#### [WHAT TO PRODUCE]
Please output exactly the lines from the one containing "2024 Ford Bronco" through the last line of the records, both included.

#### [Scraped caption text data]
┏━━
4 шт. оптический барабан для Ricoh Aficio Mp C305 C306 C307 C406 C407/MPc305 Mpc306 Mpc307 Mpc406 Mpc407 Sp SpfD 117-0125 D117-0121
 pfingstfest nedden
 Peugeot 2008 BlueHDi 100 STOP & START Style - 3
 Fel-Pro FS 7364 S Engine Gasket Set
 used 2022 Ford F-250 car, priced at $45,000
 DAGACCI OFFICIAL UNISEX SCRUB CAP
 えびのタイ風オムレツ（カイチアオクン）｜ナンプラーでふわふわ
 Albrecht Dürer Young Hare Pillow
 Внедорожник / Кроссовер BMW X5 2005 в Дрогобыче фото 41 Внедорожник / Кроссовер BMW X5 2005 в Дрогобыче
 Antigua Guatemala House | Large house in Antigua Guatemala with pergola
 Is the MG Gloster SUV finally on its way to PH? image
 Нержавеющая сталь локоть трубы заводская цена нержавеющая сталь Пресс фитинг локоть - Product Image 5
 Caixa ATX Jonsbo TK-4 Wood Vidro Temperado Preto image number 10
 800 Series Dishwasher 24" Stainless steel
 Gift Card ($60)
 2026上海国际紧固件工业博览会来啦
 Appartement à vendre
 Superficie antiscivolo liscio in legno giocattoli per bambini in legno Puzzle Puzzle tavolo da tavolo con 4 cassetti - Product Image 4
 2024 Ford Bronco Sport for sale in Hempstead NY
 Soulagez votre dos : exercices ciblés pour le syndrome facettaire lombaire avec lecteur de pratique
┗━━
#### [WORKED SOLUTION]
 2024 Ford Bronco Sport for sale in Hempstead NY
 Soulagez votre dos : exercices ciblés pour le syndrome facettaire lombaire avec lecteur de pratique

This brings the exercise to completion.